Of the 166 charges filed against fans at Memorial Stadium since the start of the 2005 season, 145 involved people in that age group, according to MU police records. More than half of the charges — 96 — were for minors in possession of alcohol.
Many of those arrests likely occur before the game even starts, said MU Police Department Capt. Brian Weimer. Everyone who enters the stadium on game day is searched for contraband, including alcohol. If someone over 21 is caught with alcohol, they are kicked out of the stadium, Weimer said. MU police arrest and charge anyone under 21 who is caught trying to sneak alcohol into the game.
While minor-in-possession charges account for a significant chunk of the total arrests, college-aged people also represent the majority of those arrested for other reasons — trespassing, drug possession and littering, for example.
If minor-in-possession charges were removed from the equation, 70 percent of the charges filed were against people between 18 and 22.
Alcohol charges account for the majority of arrests at all home football games, with one exception. Thirty-four people were arrested when Missouri beat Nebraska in October 2005 — 22 of them were charged with trespassing because they were among the thousands of people who swarmed onto Faurot Field after the final gun to tear down the goalposts; only three of the trespassing arrests involved people over the age of 22.
MU sophomore Kurt Krieger was 18 years old at the time of his arrest for rushing the field after the Nebraska game.
“If there was an adult, and a girl, and then a guy student, the guy student would be the first arrested,” said Krieger, whose mother gave him a newspaper photo of his arrest, which now hangs on his living room wall. “And I don’t know why.”

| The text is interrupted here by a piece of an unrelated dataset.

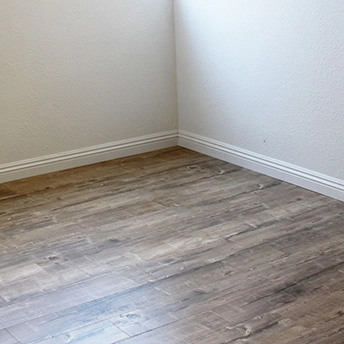 Metro Latte Laminate Floor Eternity 4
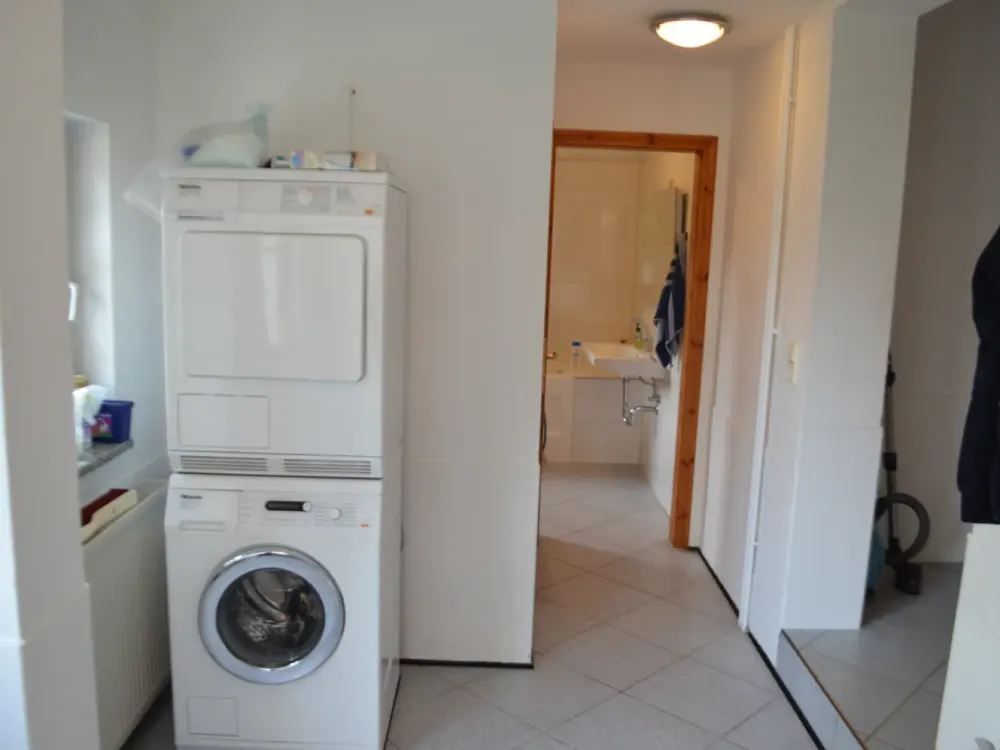 Möbliertes 1 Zimmer-Apartment im Erdgeschoß, mit großem Garten, für 12-24 Monate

Krieger said that, at the time, he was pretty unhappy about his arrest but now admits that he knew before he went onto the field that police were trying to curtail trespassing. Krieger thinks the arrest of so many students after the Nebraska game has quelled student enthusiasm for rushing the field after MU victories.
Indeed, only one person has been arrested for trespassing since the Nebraska game – another 18-year-old, who was arrested at the MU-Murray State game in September.
Law enforcement at MU football games is coordinated between several different agencies, Weimer said. About 20 Boone County Sheriff’s deputies, 60 Missouri State Highway Patrol officers and 30 MU police officers patrol inside and around Memorial Stadium during home games. Weimer says that the high number of arrests of 18- to 22-year-olds doesn’t mean officers are targeting student behavior.
“We enforce all the rules,” he said. “Ansd we enforce them equally to all individuals, to all groups. There would be no logical reason to pick out a student over anyone else.”
Matt Johnson, a 23-year-old MU senior, isn’t so sure. Johnson was removed from the Oct. 21 game against Kansas State after being inside Memorial Stadium for “about two minutes,” he said.
Although he admits he was intoxicated, Johnson said he wasn’t bothering anyone or acting obnoxious.
He had arrived late to the game and was making his way to his seat when he paused in the concourse to watch a goal-line stand by Missouri’s defense.
Johnson said the Missouri highway patrol officer who removed him said he was blocking peoples’ view of the game. Johnson, who wasn’t charged, thinks it was because he identified himself as a student.
“They can get away with stuff they maybe shouldn’t be doing when it’s a kid,” Johnson said.
Lt. John Hotz of the Missouri State Highway Patrol said that while he’s not familiar with Johnson’s situation, he does not attribute Johnson’s arrest to his age or his status as a student.
“Either he was drunk, he had alcohol when he wasn’t supposed to, or he was causing trouble for others and had to be removed,” Hotz said.